Per le tante altre aziende italiane è tuttavia possibile sfruttare i servizi B2B e B2C offerti dalla megapiattaforma e-commerce Alibaba, che lo scorso anno ha già concluso vari accordi separati col nostro Paese per la promozione e la tutela del nostro agroalimentare in Cina, per la promozione dei beni di lusso Made in Italy (su Mei.com) e per la promozione e la prenotazione turistica nel nostro Paese (su Alitrip). Il flusso turistico cinese in Europa è infatti in costante aumento. Tra il 2005 e il 2014, i cinesi che hanno scelto il nostro Continente come meta vacanziera è aumentato del 282% e l'Italia è una delle destinazioni più ambite, non solo per il fascino esercitato dai suoi paesaggi tipici ma anche per una crescente sensibilità e attenzione verso la storia, la pittura, l'architettura, la letteratura, la musica e la cucina del Belpaese. A queste presenze vanno poi aggiunte quelle, altrettanto importanti, legate al turismo congressuale o d'affari e quelle, ben più prolungate e strutturate, degli studenti. Basti pensare che sono cinesi oltre 600 dei circa 1.100 studenti che ogni anno siedono sui banchi delle storiche aule dell'Università per Stranieri di Perugia.

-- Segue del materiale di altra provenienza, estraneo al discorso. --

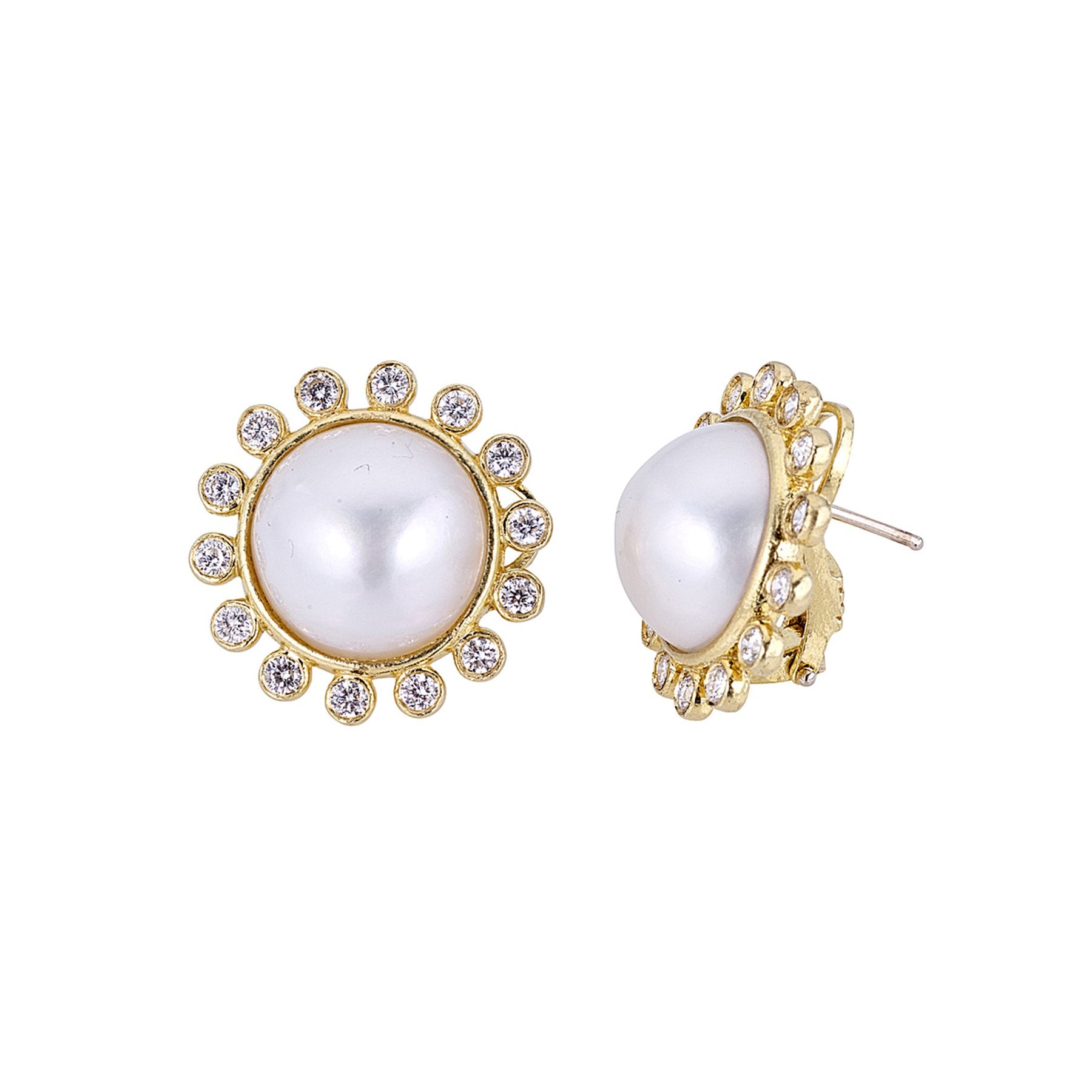 Tanya Farah Fine Jewelry | Pearl Sunburst Diamond Button Earrings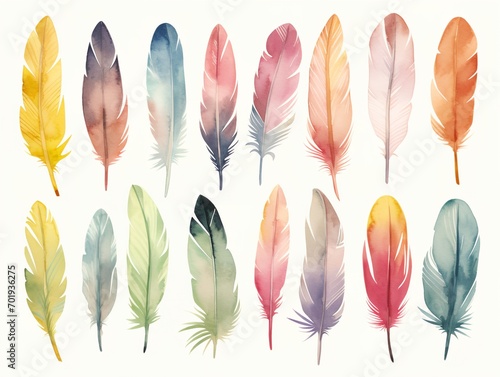 a colorful feathers on a white background © progressman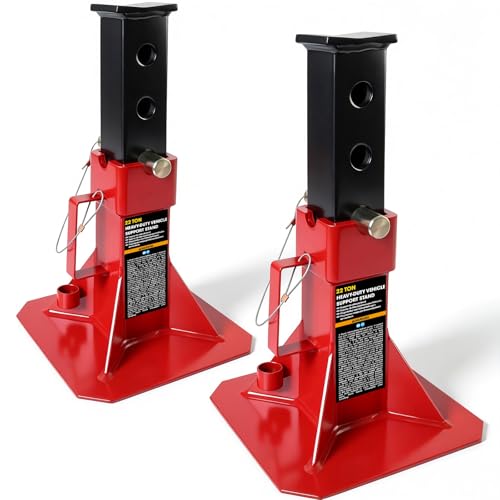 Jack Boss Heavy Duty 22 Ton (44,000 lbs) Jack Stands with Large Base and Strong Lock,Professional Pin Style Car Jack Stands for Truck,SUV Pick Up, Red - size: 22 Ton Standard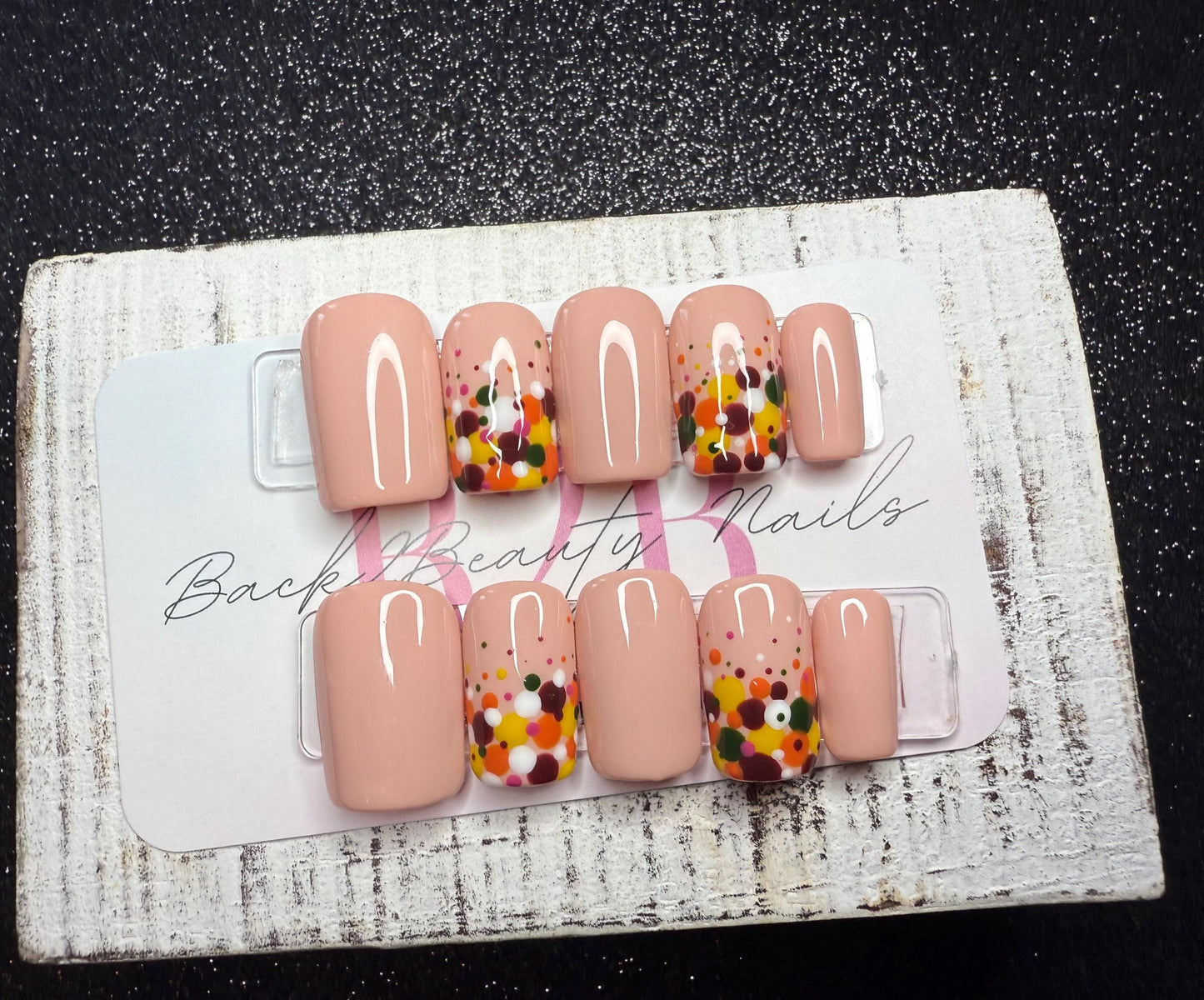 Autumn Confetti Press-On Nail Set | Nude Base | Hand-Painted Abstract Dots in Fall Hues | Gloss Finish | Reusable Handmade Nails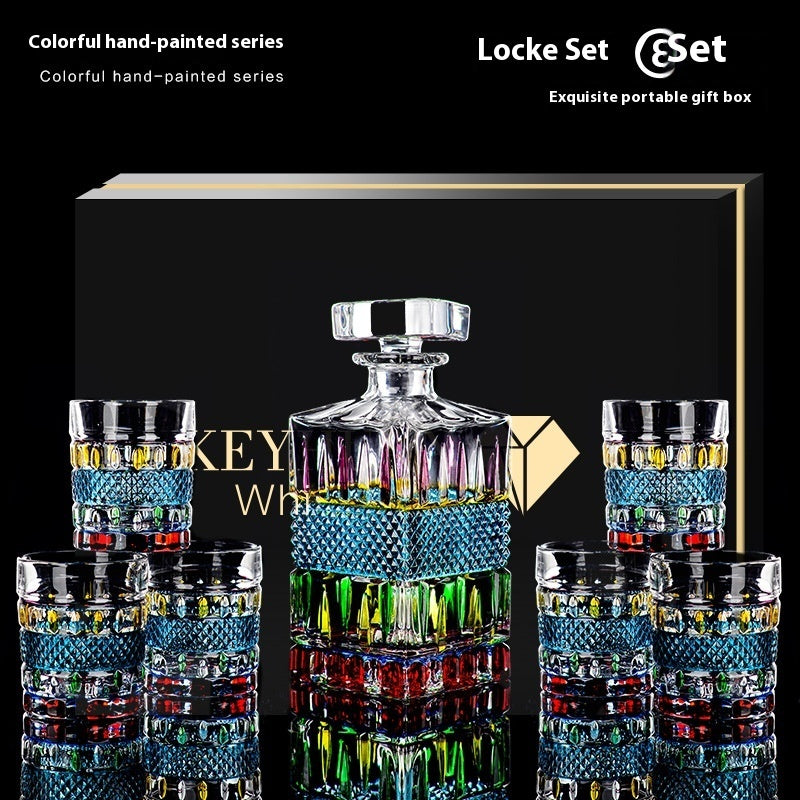 Ensemble de verres à liqueur en cristal peint, ensemble de vin de haute qualité, tasse en verre coloré.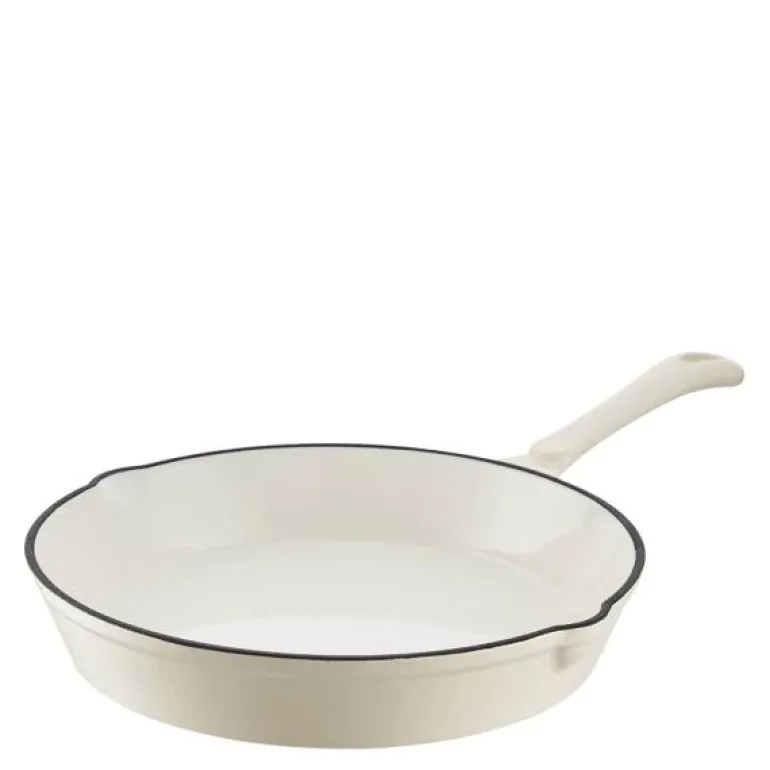 Rund støpejernspanne 26 cm 1L krem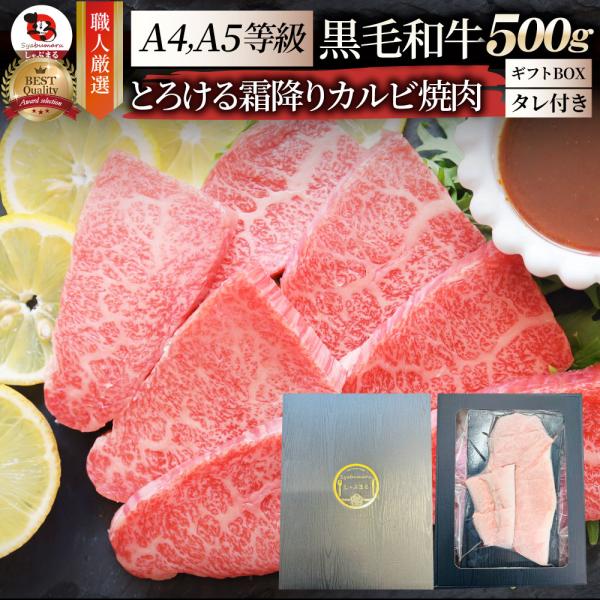 牛肉 肉 カルビ焼肉 ギフトボックス付き 500g (250g×2) 今だけ焼肉のタレ付き 凍眠 テクニカン 黒毛和牛 A4,5等級 とろける お中元 食品 お祝い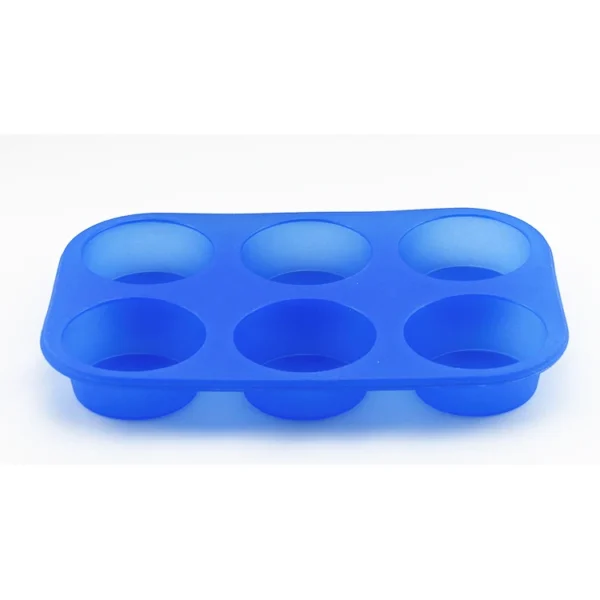 Silicone 6-Cavity Cake Mold Non-Stick, Reusable Baking Tray for Cupcakes and Muffins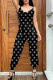 Black And White Fashion Casual Print Patchwork Spaghetti Strap Jumpsuits
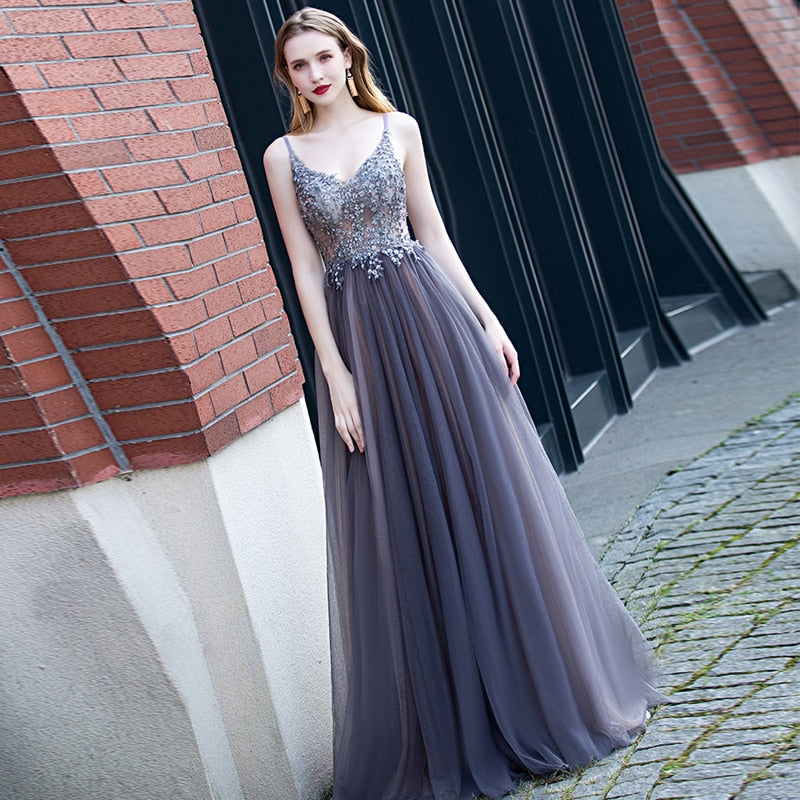 Evening wear Dresses: Prom Dresses V neck High Split Tulle Sleeveless Evening Gown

Il presidente Mattarella non ha lasciato spazio a dubbi sulle intenzioni del nostro Paese: «Vi è un grande rapporto di collaborazione economica e commerciale, che vede l'Italia presente con il desiderio di esserlo sempre di più nella collaborazione con la Cina, in uno scambio proficuo per entrambi». Chiaramente, permangono ancora alcune complessità da risolvere e distanze da superare, ma il quadro trasformativo delineato all'interno del 13° Piano Quinquennale di Sviluppo Socio-Economico ci consegna un Paese enormemente dinamico, che si è ormai incamminato a pieno ritmo sulla strada dell'innovazione, della sostenibilità e dell'apertura, sostituendo il vecchio modello di sviluppo trainato dall'export con uno, molto ambizioso, sospinto dai consumi interni e caratterizzato da un alto contenuto tecnologico.